Toute cette doctrine de l’unité de la forme substantielle dans un être déterminé est donc le développement de cet axiome. Si une seconde forme survient à quelque chose qu’une première forme a déjà mise en acte : « le composé[1] ainsi engendré ne sera pas un d’une manière absolue ; par accident, il sera une seule chose : mais d’une manière absolue, il sera deux choses distinctes. — Quia non esset compositum unum simpliciter ; duo simpliciter et unum per accidens. »

Cet axiome, nous l’avons déjà entendu, non moins formellement énoncé, de la bouche d’Averroès[2] ; le Commentateur le portait au compte du Philosophe ; était-il, en cela, le fidèle interprète de la pensée d’Aristote ? Il est permis d’en douter.

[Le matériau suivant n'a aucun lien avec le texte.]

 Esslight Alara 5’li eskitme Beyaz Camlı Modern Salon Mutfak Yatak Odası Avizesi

En usant d’une manière constante de ce même axiome, Thomas d’Aquin s’est peut-être montré plus Averroïste qu’Aristotélicien.

Ce que Thomas a surtout demandé à sa théorie de l’individuation par les dimensions déterminées, c’est une explication du mystère qui embarrassait si fort, en son temps, les philosophes chrétiens, le mystère de la survie individuelle que garde l’âme humaine après qu’elle a délaissé le corps[3].

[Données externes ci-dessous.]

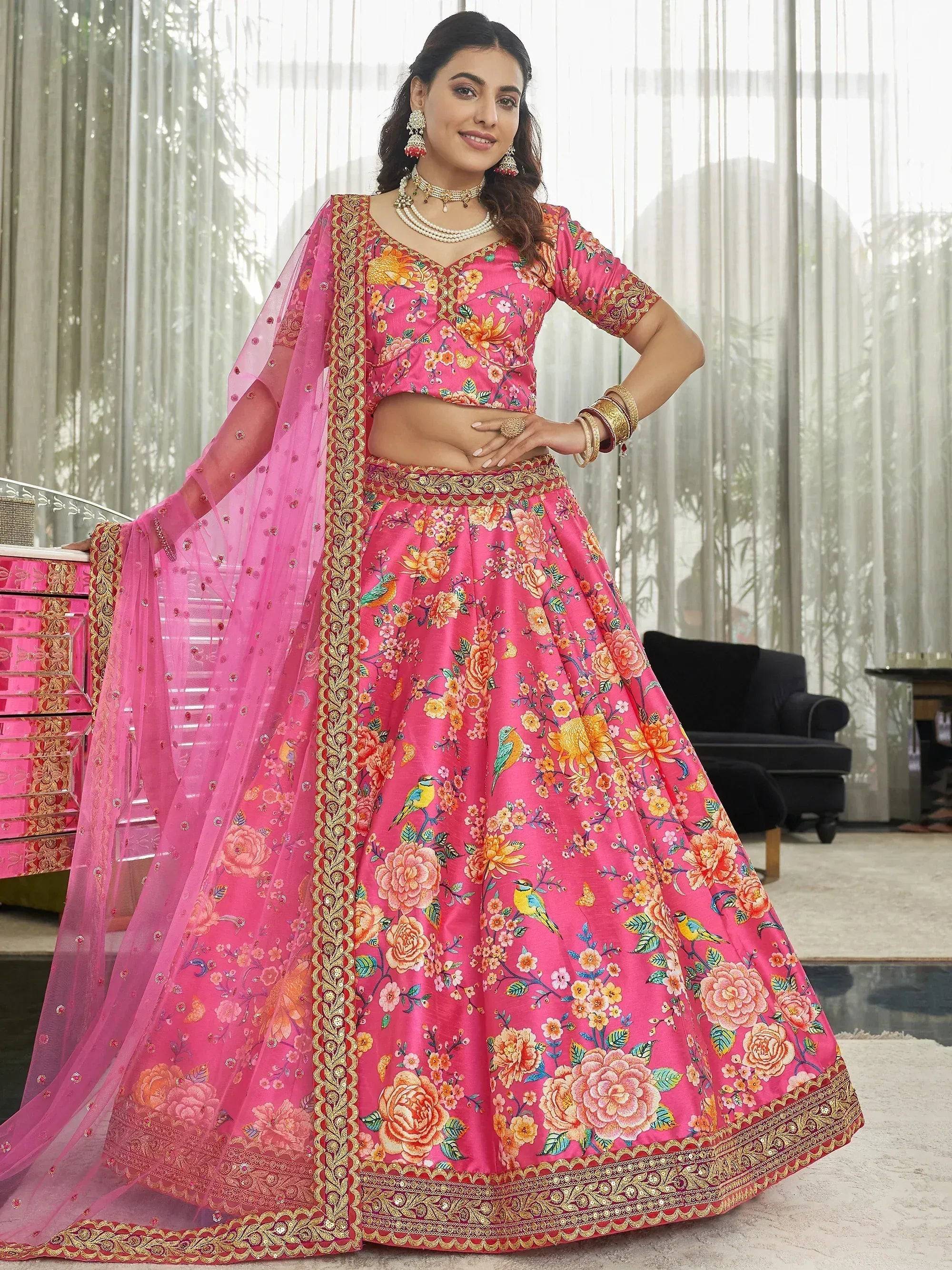 Tulsi Art Marvelous Deep Pink Floral Printed Art Silk Lehenga Choli With Dupatta | Grocsy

Forme du corps vivant, l’âme humaine, quand elle s’est unie à la matière de ce corps, y a tracé des dimensions déterminées ; ces dimensions ont circonscrit la portion de matière attribuée à cette âme et, par là, elles lui ont assuré une existence individuelle, distincte de celle des autres âmes de même espèce.

Lorsque l’âme délaisse le corps, ces dimensions déterminées cessent d’exister d’une manière actuelle en la matière ; elles y sont remplacées par d’autres dimensions actuelles, simplement égales à celles qui les ont précédées ; mais les dimensions déterminées dont l’existence a pris fin demeurent à l’état potentiel en la matière ; cette matière, en effet, reste capable d’être informée de nouveau par la même âme, qui est séparée du corps, mais qui n’est pas détruite ; lorsque, par la résurrection, la même âme s’unira de nouveau à la matière, ces mêmes dimensions déterminées, qui l’ont individualisée durant sa première vie, reviendront à l’existence actuelle et continueront à l’individualiser de la même manière ; « Il est donc évident que c’est le même homme qui res-

  1. Sancti Thomæ Aquinatis Quodlibetales quœstiones, XII, art. X : Utrum anima perficiat corpus immediate vel mediante corporeitate.
  2. Voir : Troisième partie, Ch. III, § IV ; t. IV, pp. 537-540.
  3. Sancti Thomæ Aquinatis De natura materiæ et dimensionibu interminratis opusculum, cap. VII.